§ **Given data**:
━━━━━━━━

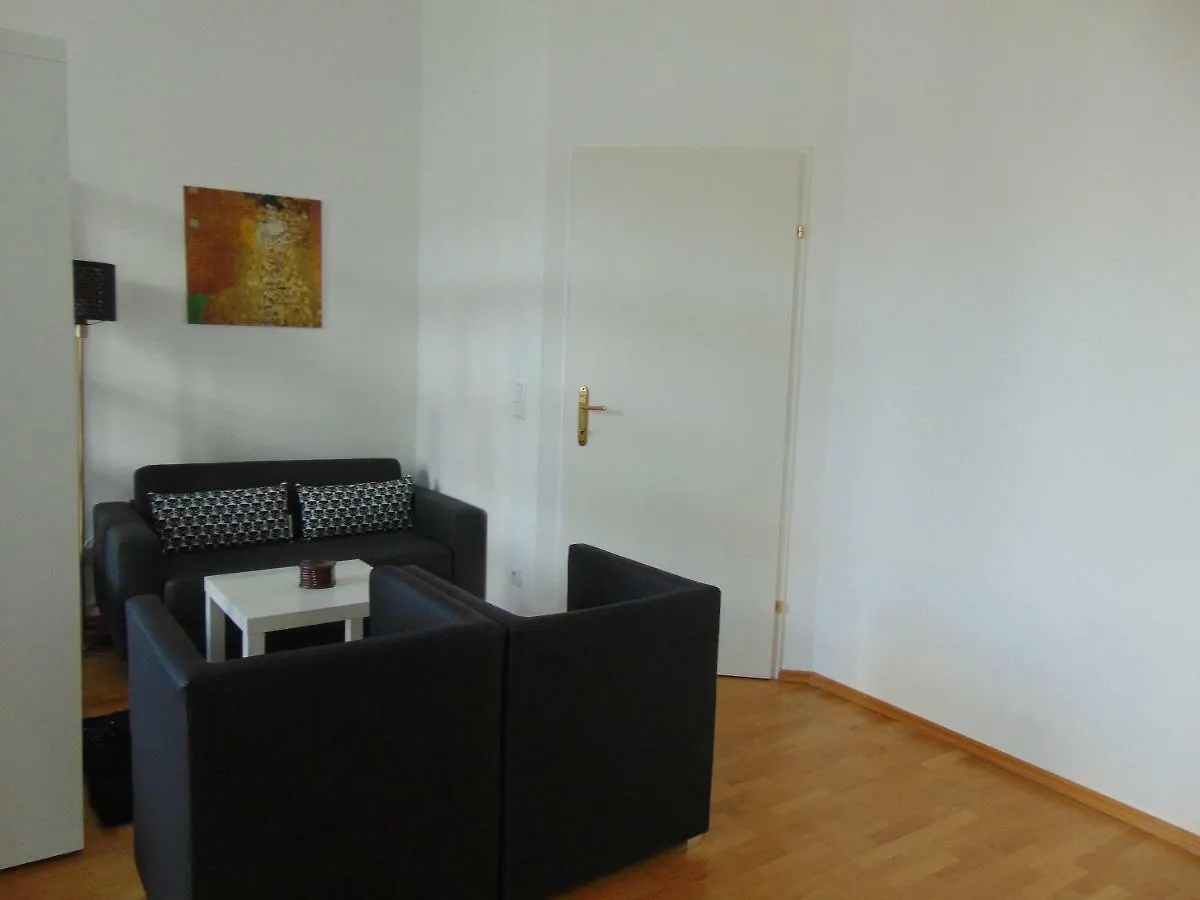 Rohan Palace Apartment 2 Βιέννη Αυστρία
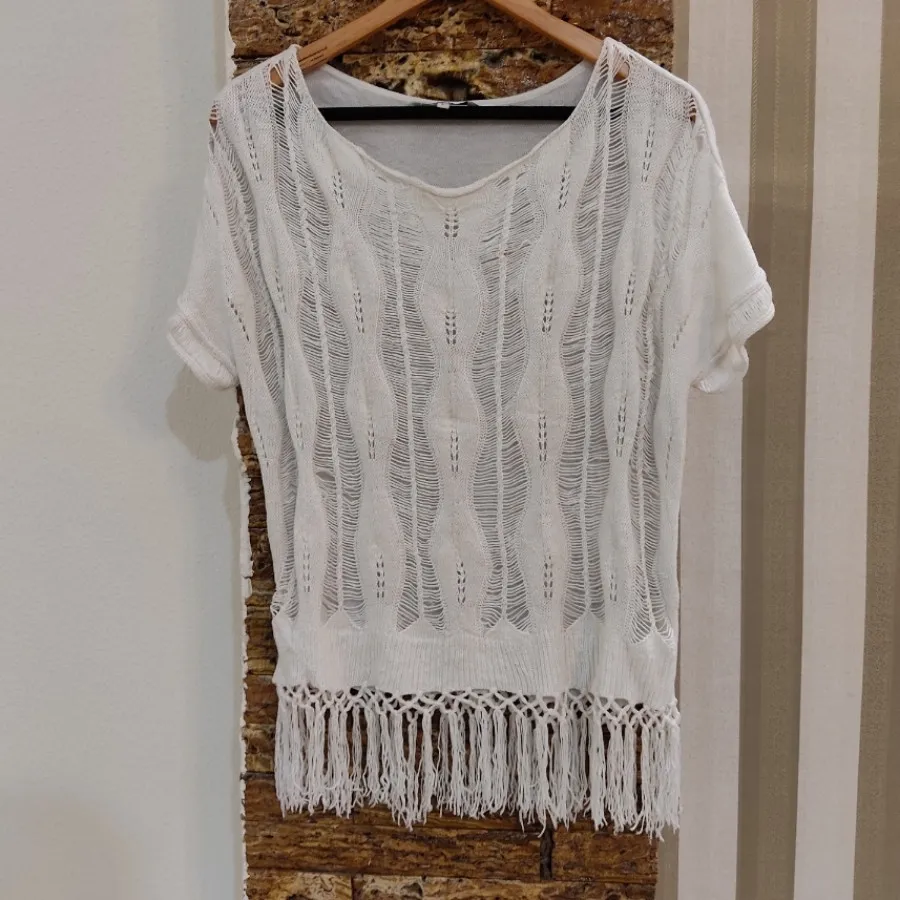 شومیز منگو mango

━━━━━━━━

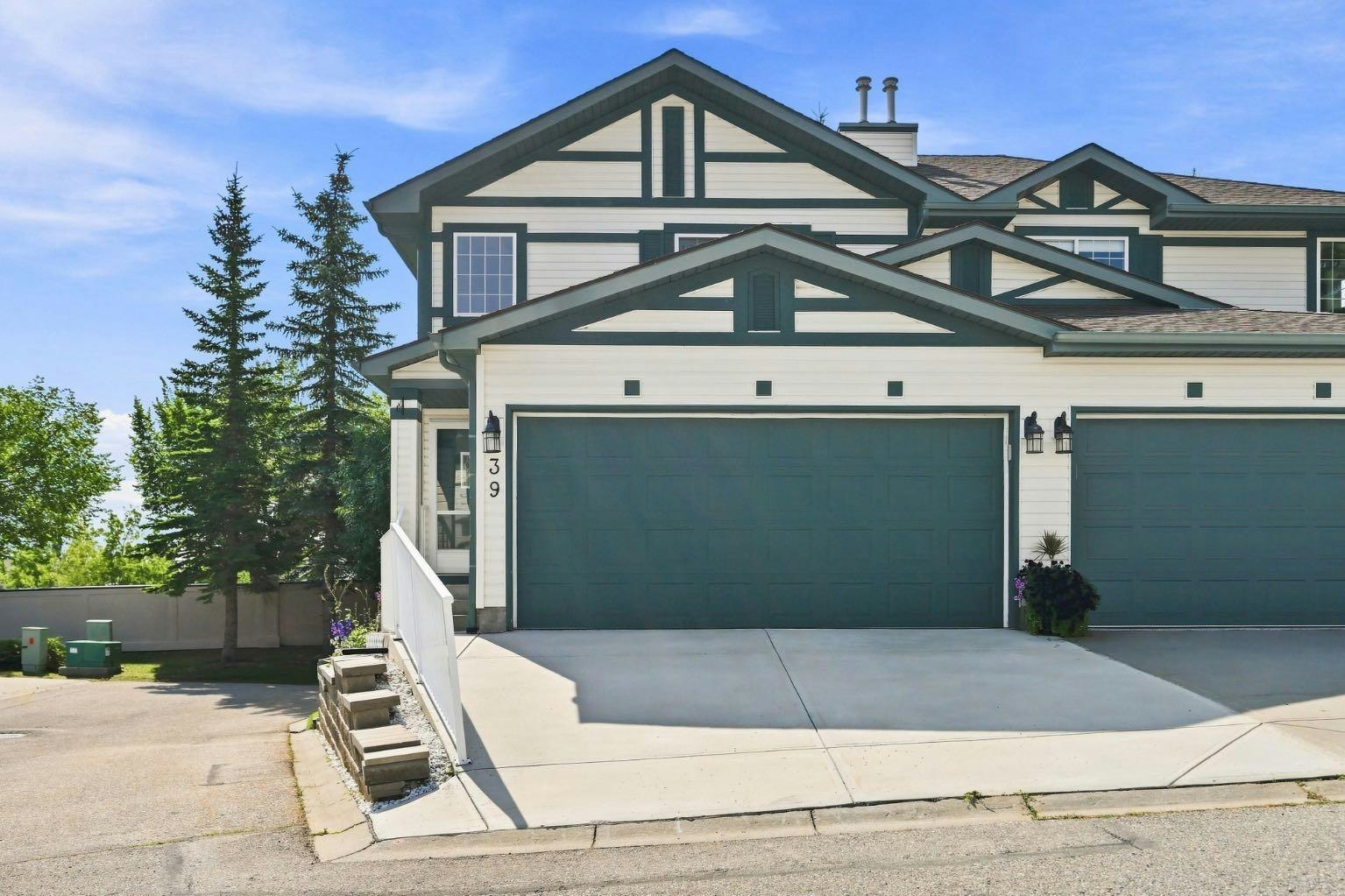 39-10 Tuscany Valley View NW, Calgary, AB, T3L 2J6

━━━━━━━━

§ **Directions**:
In the listing above, find the line containing "Rohan Palace Apartment 2 Βιέννη Αυστρία" and the line containing "شومیز منگو mango", then print exactly those two lines and every line between them, minus the pictures.

§ **Exercise response**:
 Rohan Palace Apartment 2 Βιέννη Αυστρία
 شومیز منگو mango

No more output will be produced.